La strada che imbocchiamo a piedi sembra il viale alberato di un qualche quartiere vittoriano. Gli alberi sono pini secolari divorati per metà da un parassita che ha succhiato dai rami la vita lasciando in cambio una lanuggine grigia e vaporosa di una certa suggestione. Pini metà vivi e metà morti, pini yin e yang.
Costeggiamo nude pareti di roccia rossa a cui si alternano prati ricoperti di campanelle viola, spruzzate gialle di fiori di tarassaco e buffe chiome di cipressi appiattite dal vento.
Che bella che sei, El Hierro.
Man mano che procediamo il paesaggio si allarga e la strada si restringe, ora è una lingua di terra battuta stretta e arzigogolata che segue lenta il declino della montagna anziché tagliarlo di lato.
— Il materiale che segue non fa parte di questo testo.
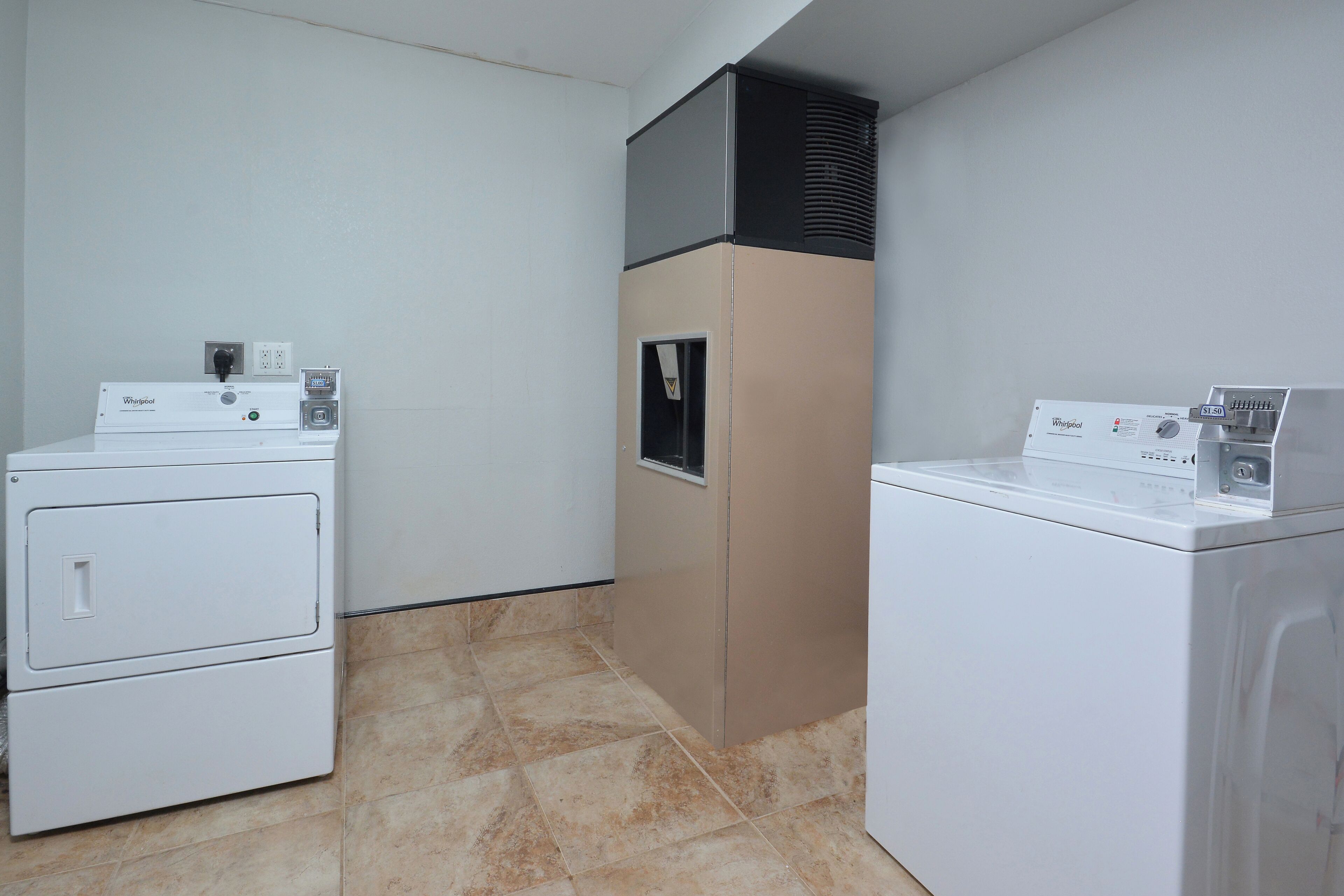 A laundry room with two stacked washers and a dryer, a vent hood, and a control panel.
Non c’è una cartaccia lungo il sentiero, non ci sono ricordi di vita trapassata a miglior vita ai piedi degli alberi, i rami secchi troneggiano appesi ai tronchi e si disintegrano prima di toccare terra.
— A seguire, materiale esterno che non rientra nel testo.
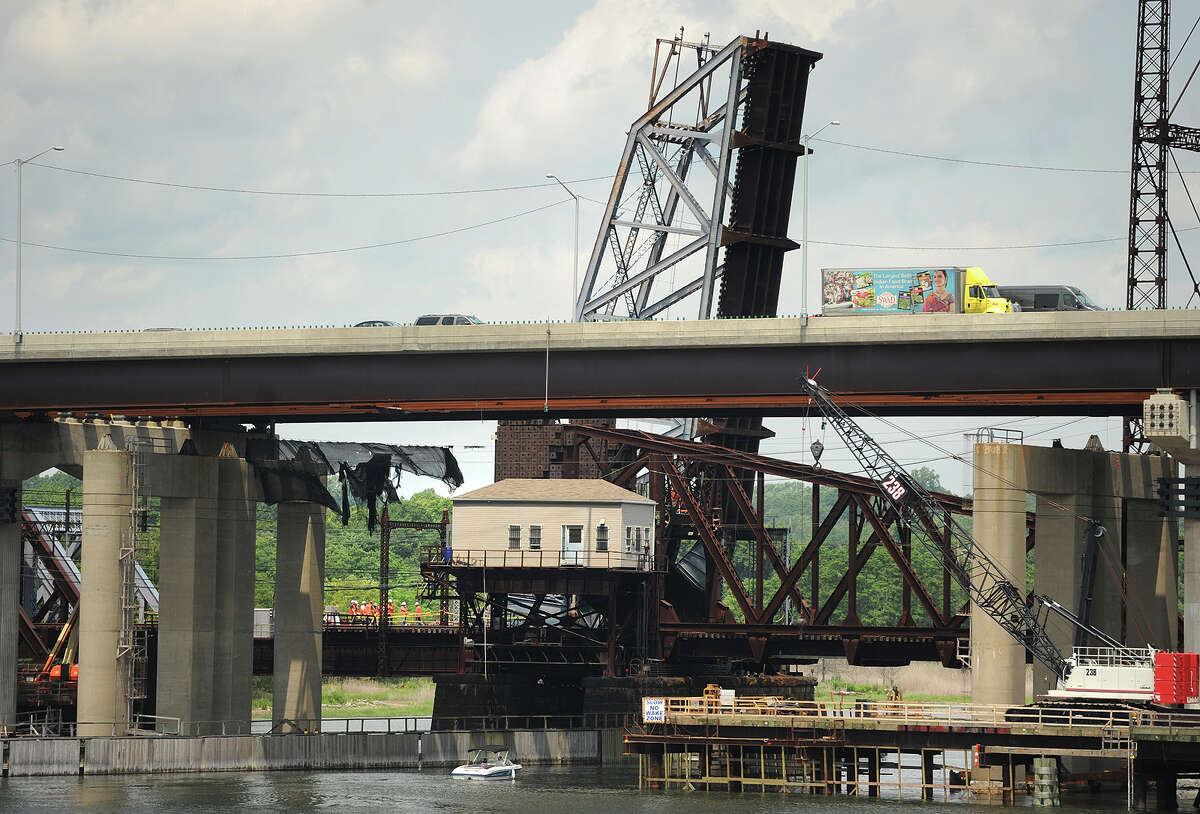 A train makes its way southbound as the northbound section of the Metro-North bridge across the Housatonic River between Stratford and Milford is stuck in the raised position on Thursday, July 2, 2015.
Allungo il collo e faccio le finte voltandomi di scatto per vedere se riesco a beccarli gli inservienti preposti alla cura di questo bosco incantato, nascosti da qualche parte dietro a qualche muretto dopo avere passato la giornata a rastrellare, lucidare, piantare, accostare tra loro in un puzzle vivente specie normalmente appartenenti a ecosistemi diversi. Ma qui ci siamo solo noi quattro.
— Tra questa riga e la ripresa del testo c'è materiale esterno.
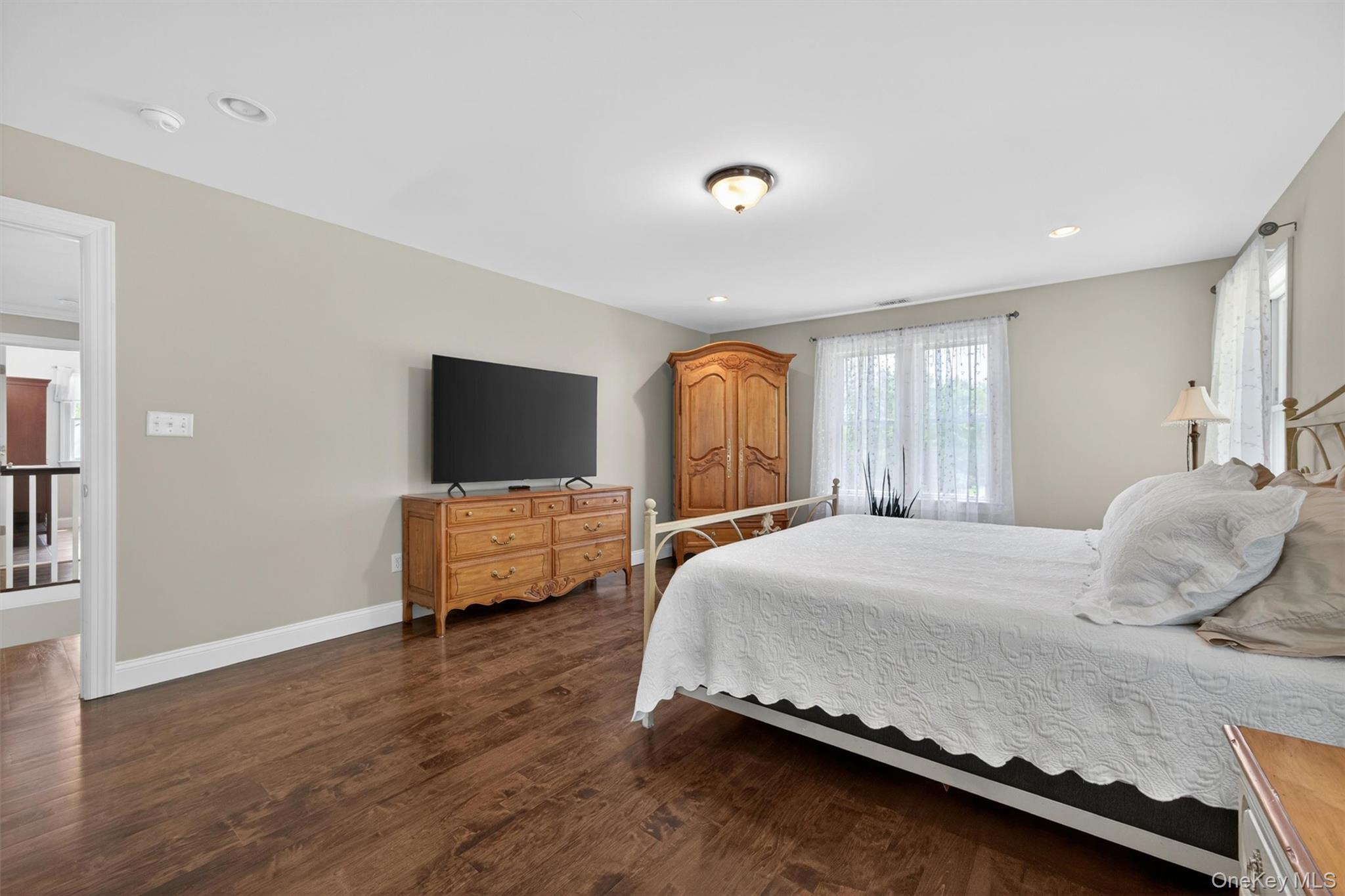 28 Bethlehem Road New Windsor, NY 12553 - Photo 31 of 50 a bedroom with a bed and a flat screen tv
Che pulita che sei, El Hierro.
Sono scorci di montagna quelli che ci accompagnano ai lati, l’aria è frizzante e trasparente, anch’essa lucidata di fresco. Il sole mi ha come sempre ingannato e ora si fa quattro risate a contemplare il mio giubbotto lasciato a poltrire sul sedile posteriore dell’auto.
Scruto il sottobosco e annuso l’aria in cerca dell’antico odore, l’istinto è quello di inoltrarmi dentro l’intrico di rami e scostare le foglie ai piedi dei tronchi per vedere che non ci sia qualche testa di porcino imprigionata là sotto. Ma anziché porcini tra i rami fa capolino il mare, anziché i falchi zampettano canarini e sfrecciano corvi.
Che strana che sei, El Hierro.
Poi, man mano che procediamo verso l’oceano, cominciano a mostrarsi.
I ginepri sabina ci accolgono qua e là nella distanza sputati contro l’orizzonte, verso cui si allungano come a volerlo raggiungere. Quasi tre mesi che siamo a El Hierro ed è la prima volta che mettiamo piede a El Sabinar. La ciliegina sulla torta la si tiene sempre per ultima.
L’impazienza di sostituire le cartoline viste finora con El Don Sabinar in persona è tanta che taglio un paio di curve passando attraverso i campi profondi, morbidi e semoventi. Sembra di farsi largo sull’impasto lievitato di un panettone, dove al posto dei canditi ci sono decine e decine di minuscoli grilli grigi che saltellano svelando striature rosse. Il sole è di nuovo potente, ora che dalla montagna procediamo verso il mare.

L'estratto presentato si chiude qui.